Conservation of PAX6
In humans, some PAX6 mutations are associated with aniridia.
PAX6 is a “toolkit” protein for development
- The amino acid sequence of PAX6 is conserved across species.
- Biochemical activity is conserved across species (interaction with DNA and other proteins involved in transcription). Mouse PAX6 will work in flies.
- PAX6 regulates about 300 genes.
Domain Structure of PAX6
- A domain is a sequence of amino acids which can fold by itself (without the rest of the protein).
- PAX6 contains a pax domain and a homeobox domain.
- Both bind specific DNA sequences.
Structure of the Homeobox Domain of PAX6
The homeobox domain is a common domain for binding DNA.
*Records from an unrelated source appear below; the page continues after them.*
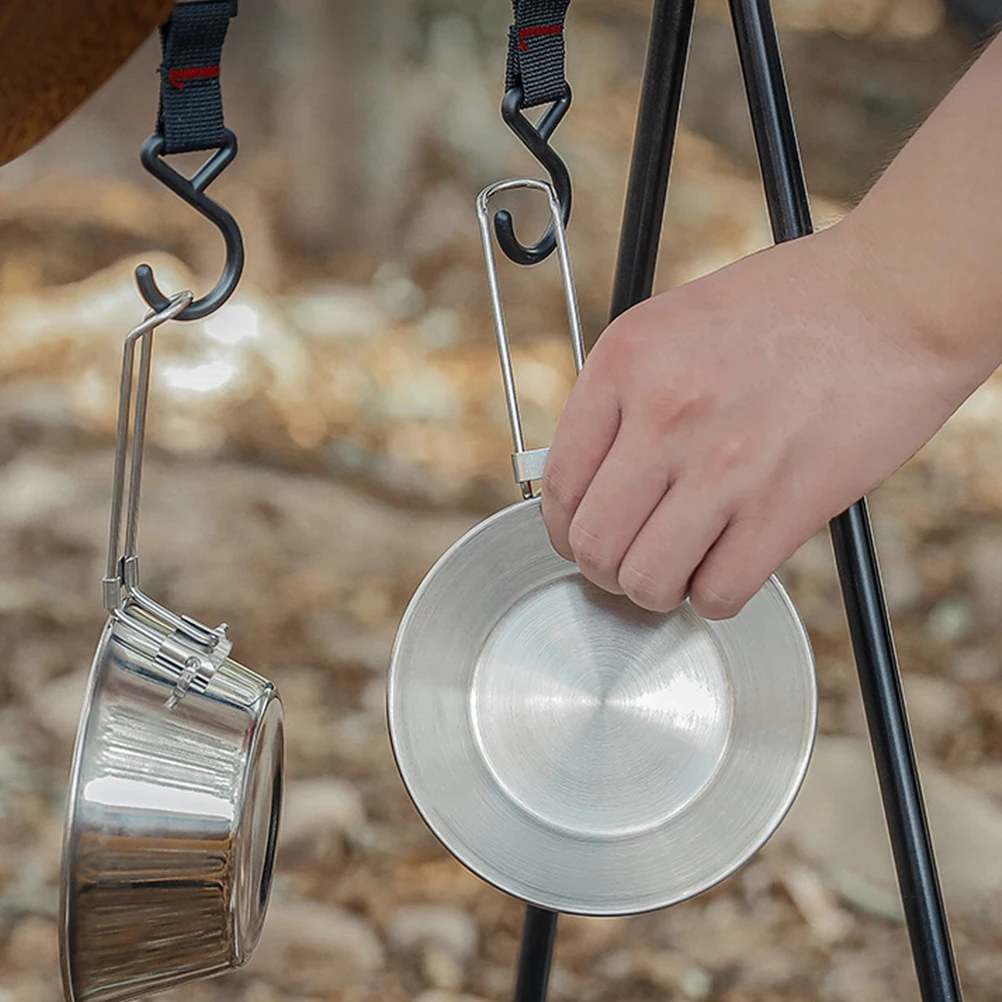 Stainless Steel Folding Cup Portable Outdoor Camping Water Cup For Hiking Tea Coffee Storage Bowl Fruit Rice Container Travel
Stainless Steel Folding Cup Portable Outdoor Camping Water Cup For Hiking Tea Coffee Storage Bowl Fruit Rice Container Travel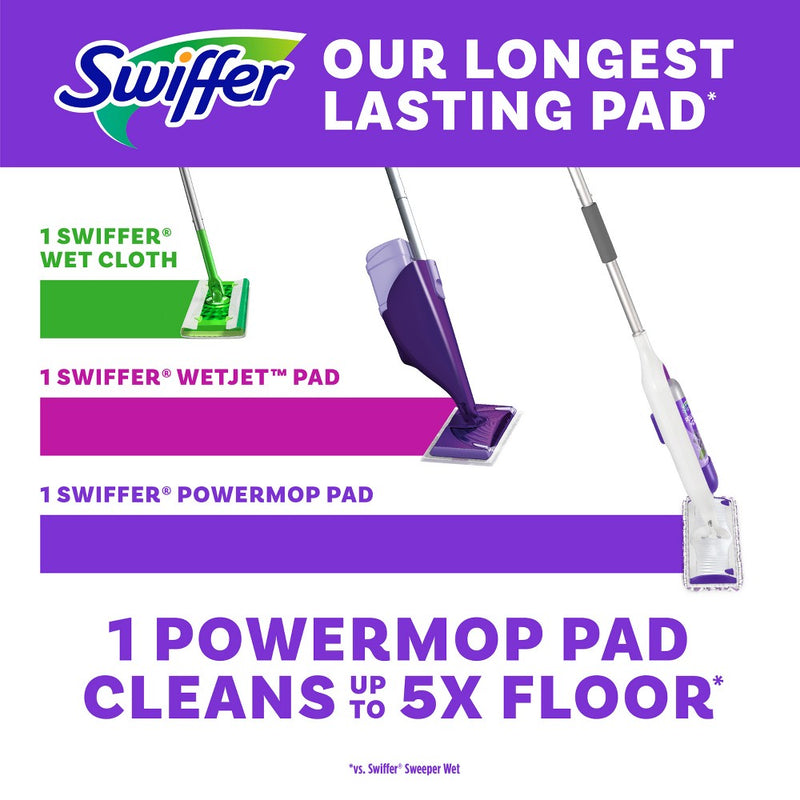 Swiffer PowerMop Refill Pads - 11ct
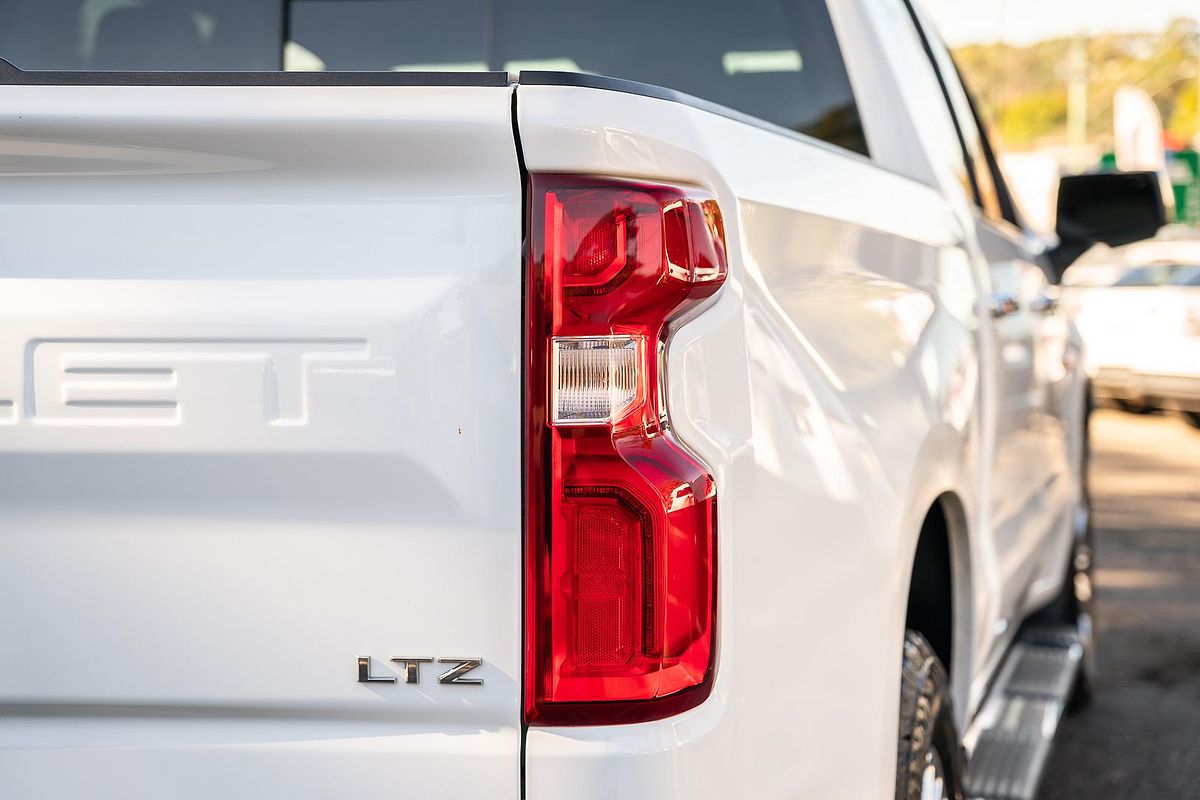 2022 Chevrolet Silverado 1500 LTZ Premium W/Tech Pack T1 4X4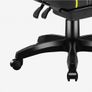 Huzaro Force 3.7 RGB Black Gaming Chair Ergonomic RGB Gaming Chair with Footrest Image 9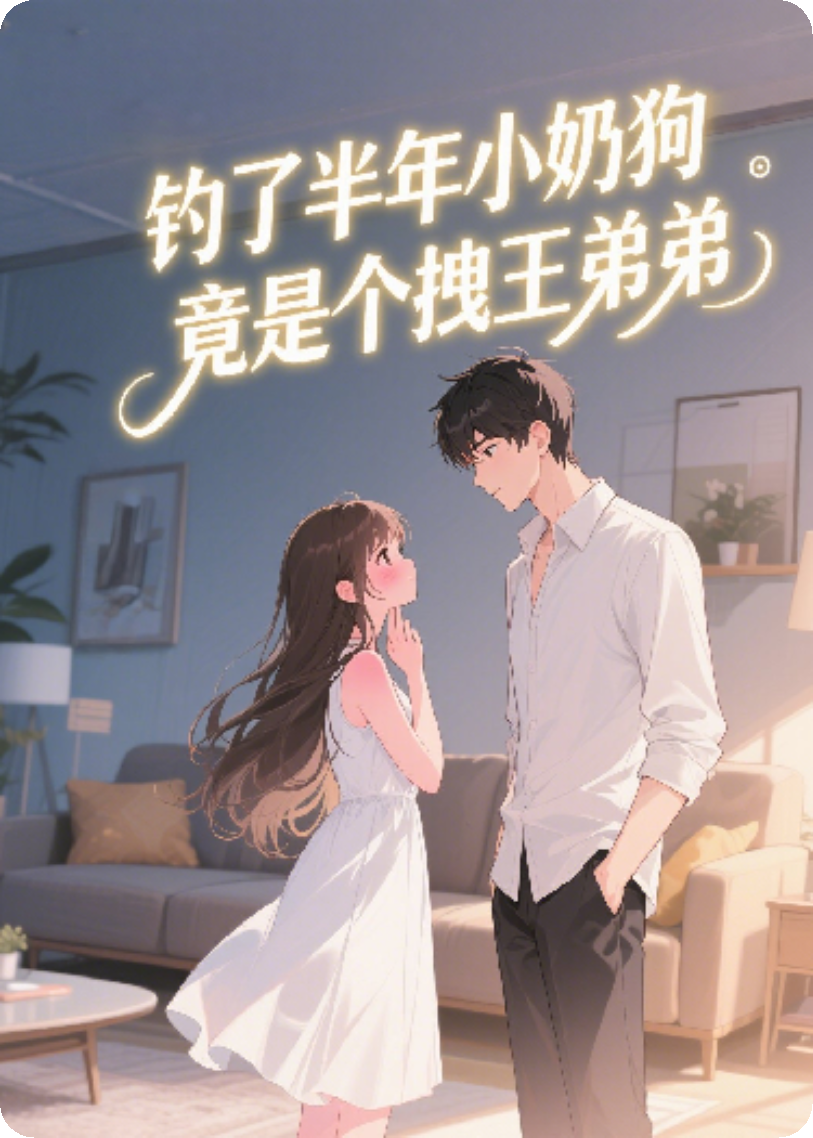 釣了半年小奶狗，竟是個拽王弟弟
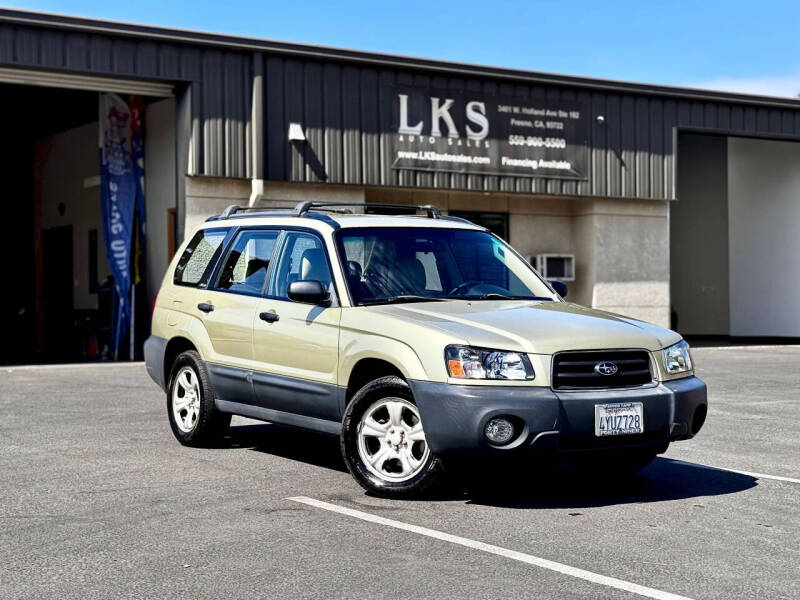 2003 Subaru Forester X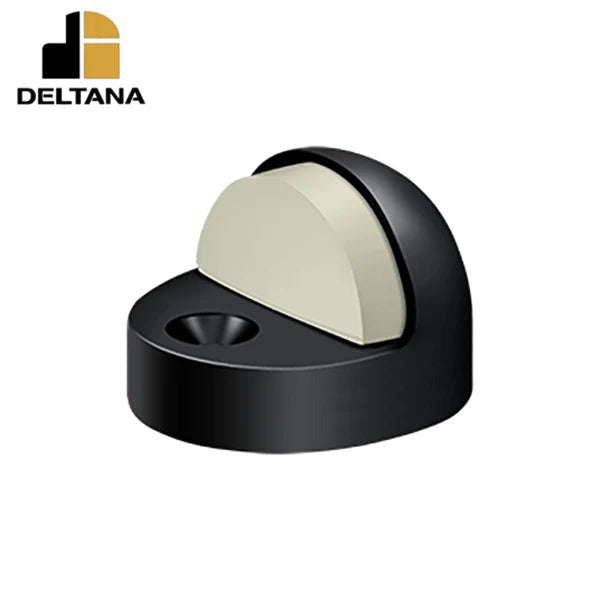 Deltana - Dome Stop High Profile - Solid Brass - Optional Finish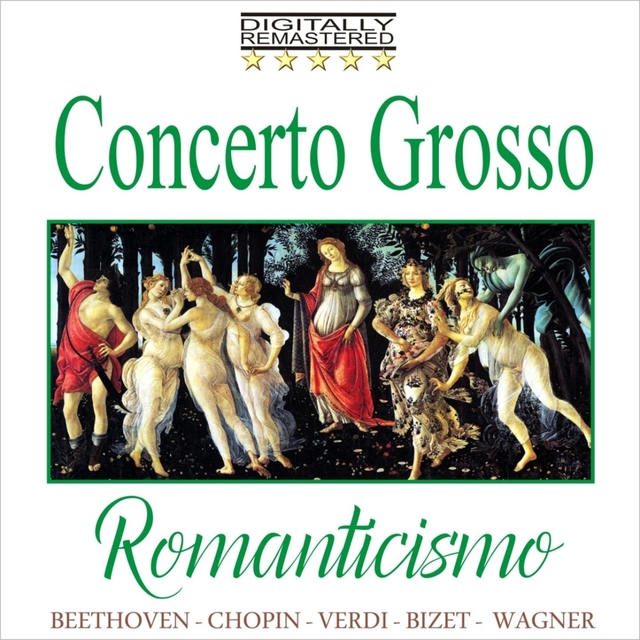 Couverture de Concerto grosso - romanticismo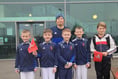 Medal success for gymnasts in Areas Aviation Challenge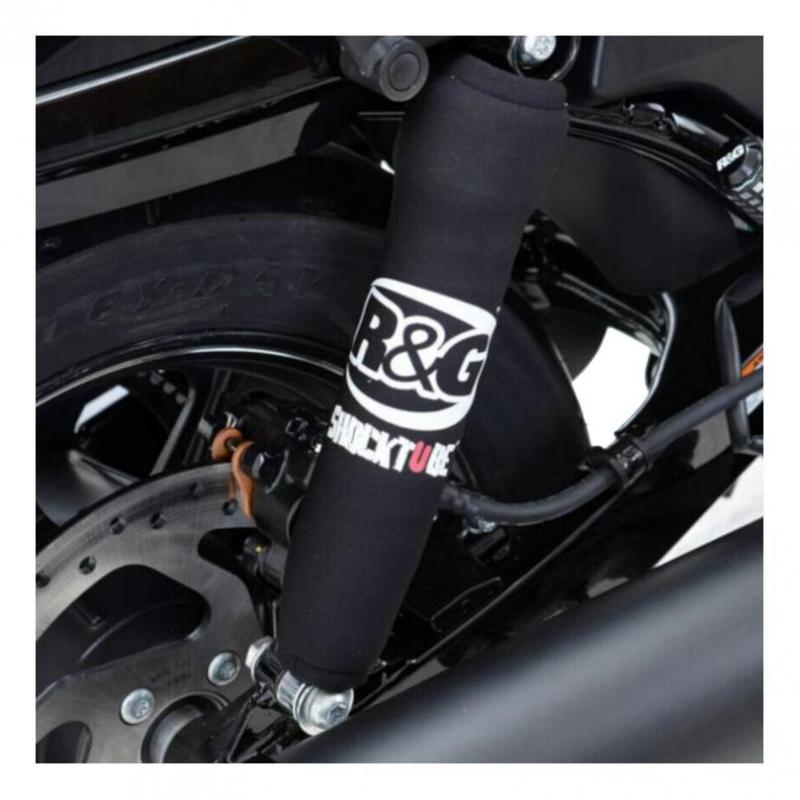 Protections d’amortisseurs R&G Racing noires Yamaha X-Max 300 17-18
Transcription Factors can “read” the DNA to bind in the correct place
- On the left, a single contact is shown between a transcription regulator and DNA; such contacts allow the protein to “read” the DNA sequence. On the right, the complete set of contacts between a transcription regulator (a member of the homeodomain family and its cis-regulatory sequence is shown.
- The DNA-binding portion of the protein is 60 amino acids long. Although the interactions in the major groove are the most important, the protein is also seen to contact both the minor groove and phosphates in the sugar-phosphate DNA backbone.
The Paired Box Domain (PAX) binds DNA
The paired box domain (PAX) is a common to many DNA-binding proteins.
How can CRISPR repair Pax6 and Treat Aniridia in Mice?
- An optimized Cas9 ribonucleoprotein complex and a single-stranded oligodeoxynucleotide containing the 3xFLAG sequence were microinjected into one-cell mouse zygotes to generate transgenic animals in one step.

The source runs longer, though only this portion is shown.